> _WHAT NEEDS TO BE DONE_
Return exactly the lines of the records below, starting at the line that contains "برگ انجیری طرح SB01" and ending at the line that contains "Jewelry scales", with both of those lines kept.

(RECORD EXTRACTS Opens)

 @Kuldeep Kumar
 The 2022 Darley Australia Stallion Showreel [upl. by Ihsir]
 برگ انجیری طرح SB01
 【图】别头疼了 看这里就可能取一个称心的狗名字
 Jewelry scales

(RECORD EXTRACTS Closes)
(RECORD EXTRACTS Opens)

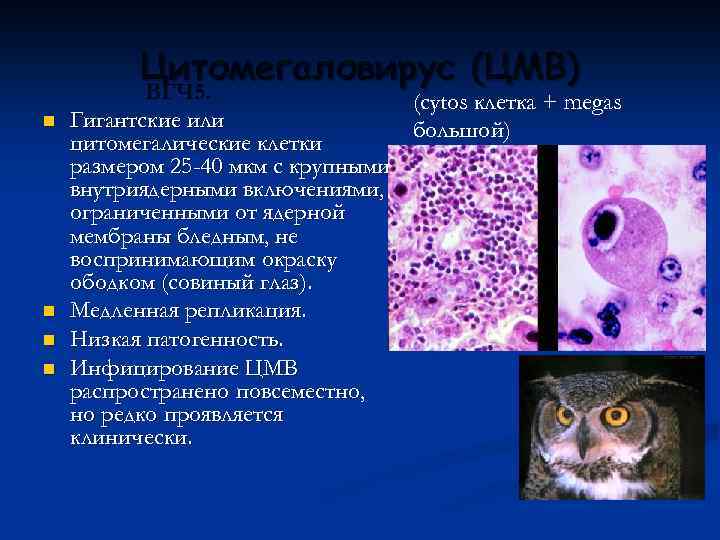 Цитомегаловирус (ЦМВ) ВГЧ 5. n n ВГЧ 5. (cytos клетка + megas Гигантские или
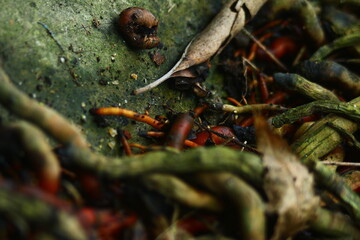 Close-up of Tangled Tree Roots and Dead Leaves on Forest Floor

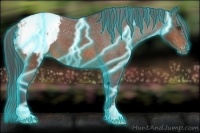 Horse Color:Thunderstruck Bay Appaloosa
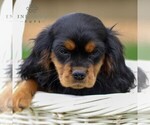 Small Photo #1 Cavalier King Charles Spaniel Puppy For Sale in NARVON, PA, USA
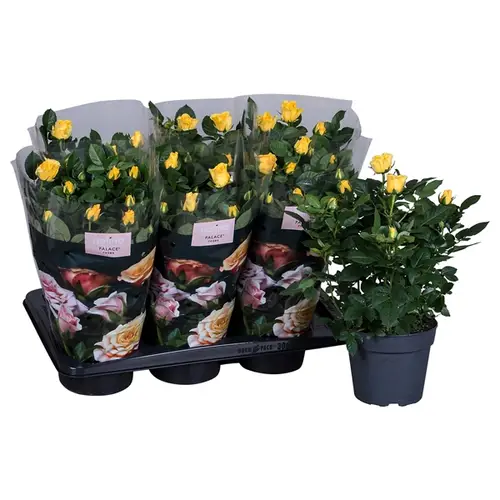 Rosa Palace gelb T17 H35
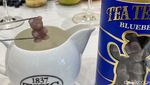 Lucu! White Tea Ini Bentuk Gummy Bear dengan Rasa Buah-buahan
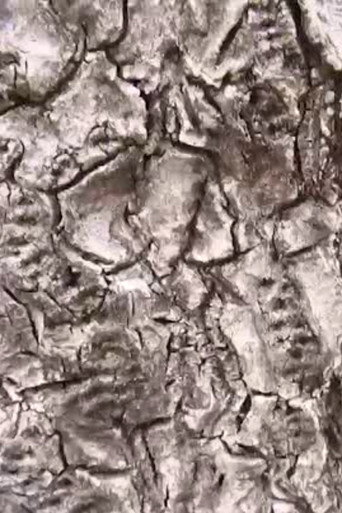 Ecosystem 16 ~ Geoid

(RECORD EXTRACTS Closes)

> _SOLUTION FOR THIS PROBLEM_
 برگ انجیری طرح SB01
 【图】别头疼了 看这里就可能取一个称心的狗名字
 Jewelry scales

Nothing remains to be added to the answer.